◆ Work item ◆
No pictures in the copy, please: retype all the records exactly.

_____

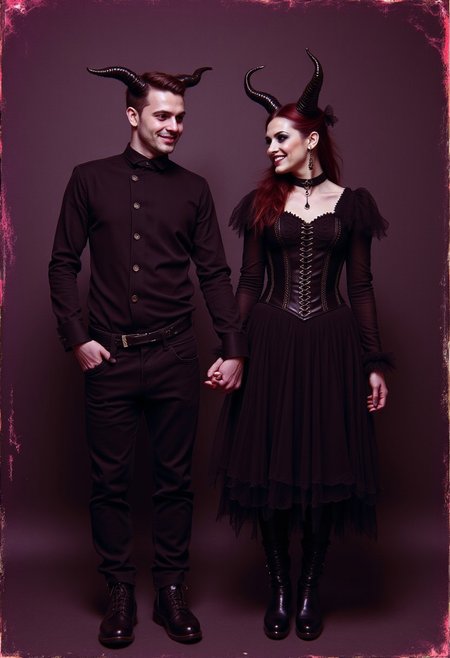 a worn out Elven Victorian gothic couples photograph from 1747, dark contrast sepia with a purple red hue, good condition. the man and woman wearing punkish clothing, holding hands smiling with a subtle gothic punk tone
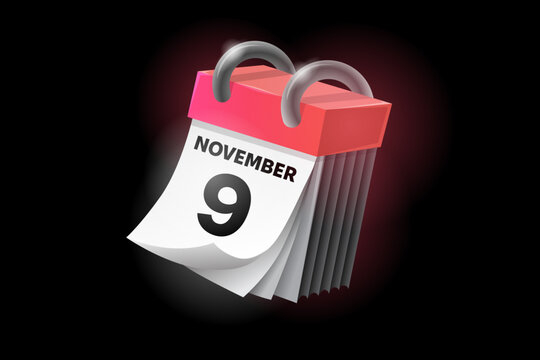 November 9 3d calendar icon with date isolated on black background. Can be used in isolation on any design.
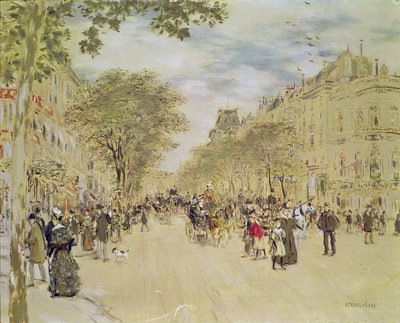 El Pabellón de Hannover y el Boulevard des Italiens, París, después de 1870 de Jean Francois Raffaelli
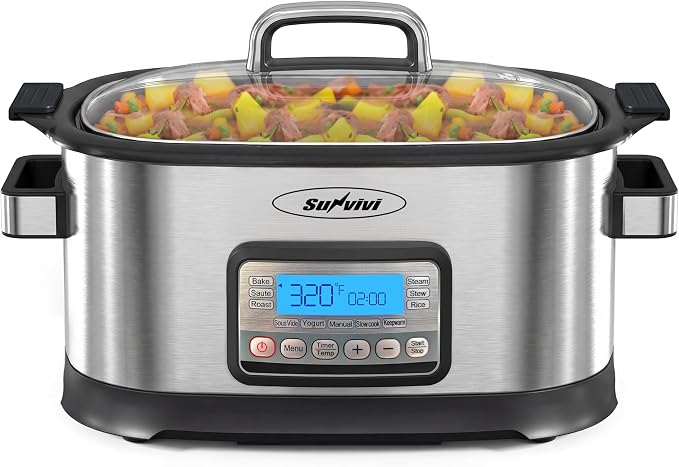 Sunvivi 12-in-1 Programmable Slow Cooker 6.5QT with Timer & Keep Warm by WeGetLife
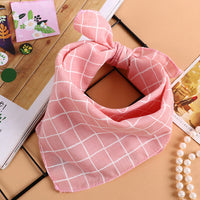 HKM-611603 Checkered Cotton and Linen Silk Scarf - Small Square Towel - 45CM - Available in Yellow, Pink, Turmeric, Khaki, Denim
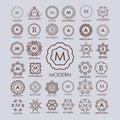 Big bunch of luxury, simple and elegant monogram design templates.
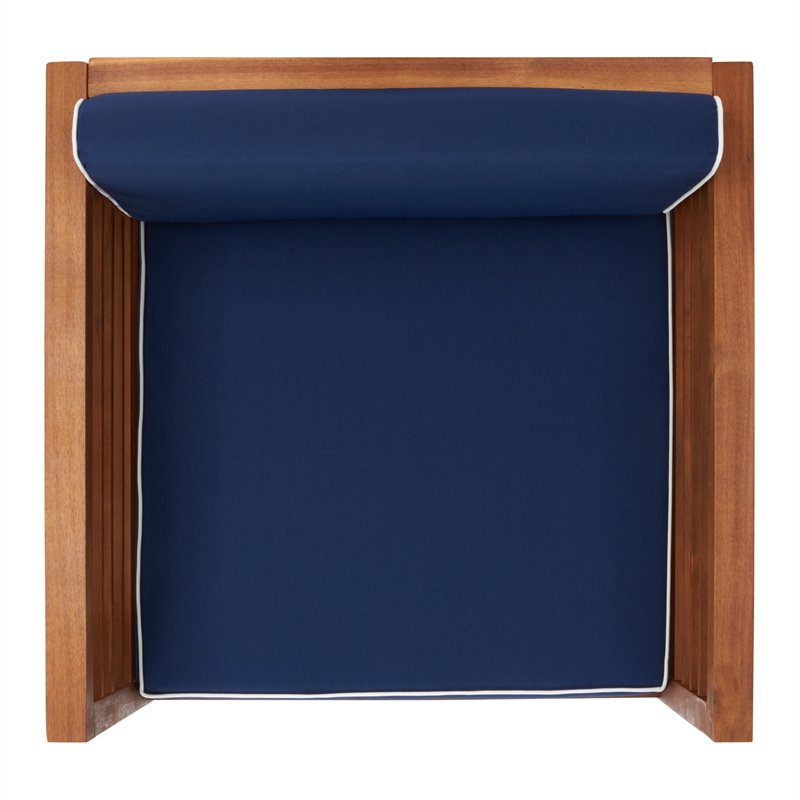 Safavieh Alda 4 Pc Wood Living Set in Natural / Navy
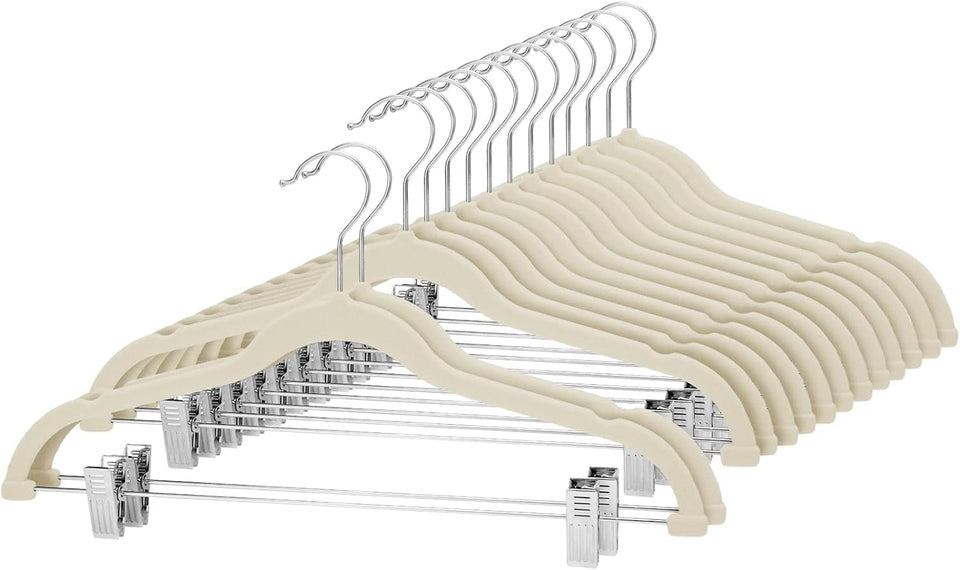 Cozymood velvet hanger on closet rod, beige, space-saving design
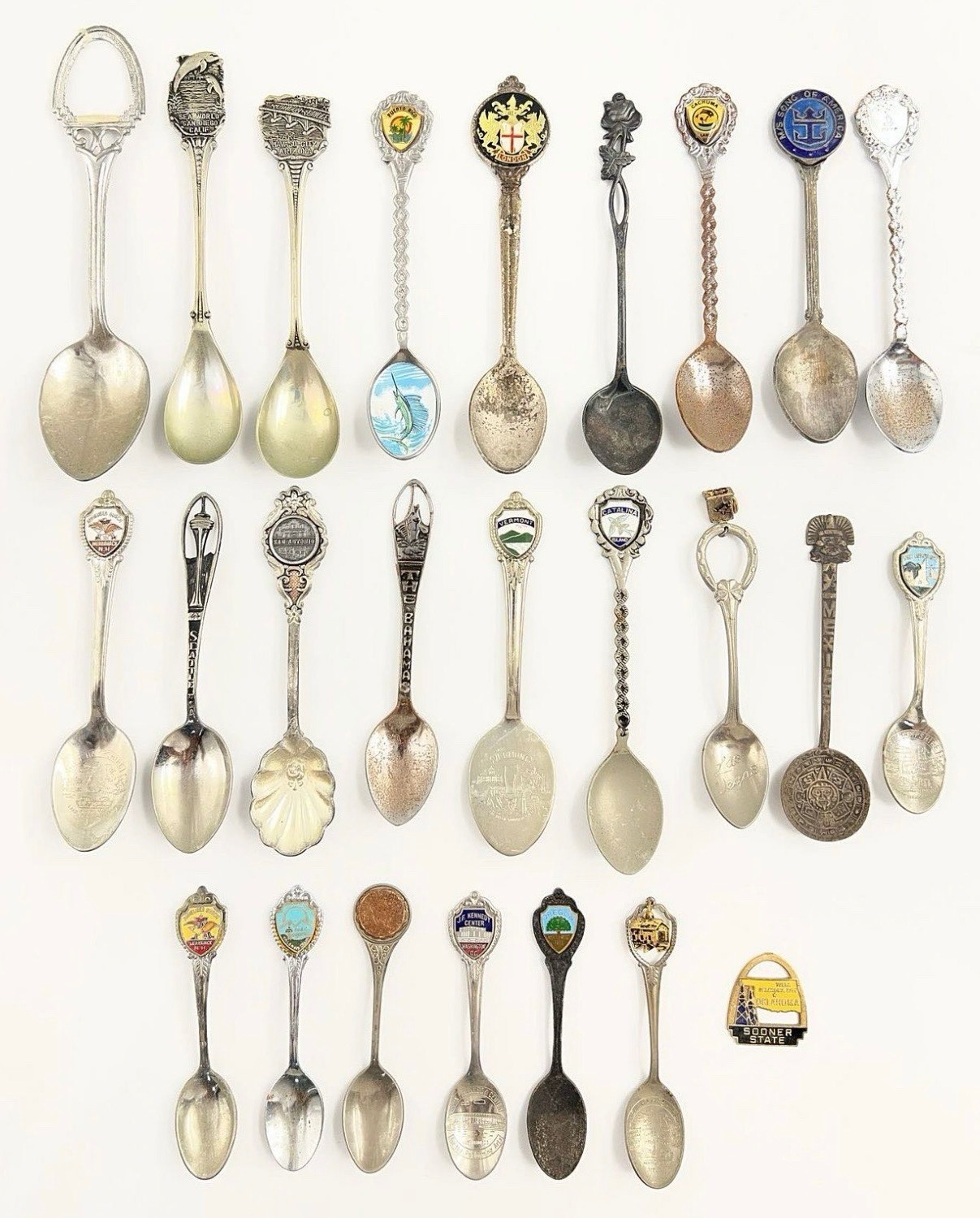 Vintage Souvenir Spoons Lot of 24 US States Travel Collector Enamel Mixed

_____

◆ Result below ◆
 a worn out Elven Victorian gothic couples photograph from 1747, dark contrast sepia with a purple red hue, good condition. the man and woman wearing punkish clothing, holding hands smiling with a subtle gothic punk tone
 November 9 3d calendar icon with date isolated on black background. Can be used in isolation on any design.
 El Pabellón de Hannover y el Boulevard des Italiens, París, después de 1870 de Jean Francois Raffaelli
 Sunvivi 12-in-1 Programmable Slow Cooker 6.5QT with Timer & Keep Warm by WeGetLife
 HKM-611603 Checkered Cotton and Linen Silk Scarf - Small Square Towel - 45CM - Available in Yellow, Pink, Turmeric, Khaki, Denim
 Big bunch of luxury, simple and elegant monogram design templates.
 Safavieh Alda 4 Pc Wood Living Set in Natural / Navy
 Cozymood velvet hanger on closet rod, beige, space-saving design
 Vintage Souvenir Spoons Lot of 24 US States Travel Collector Enamel Mixed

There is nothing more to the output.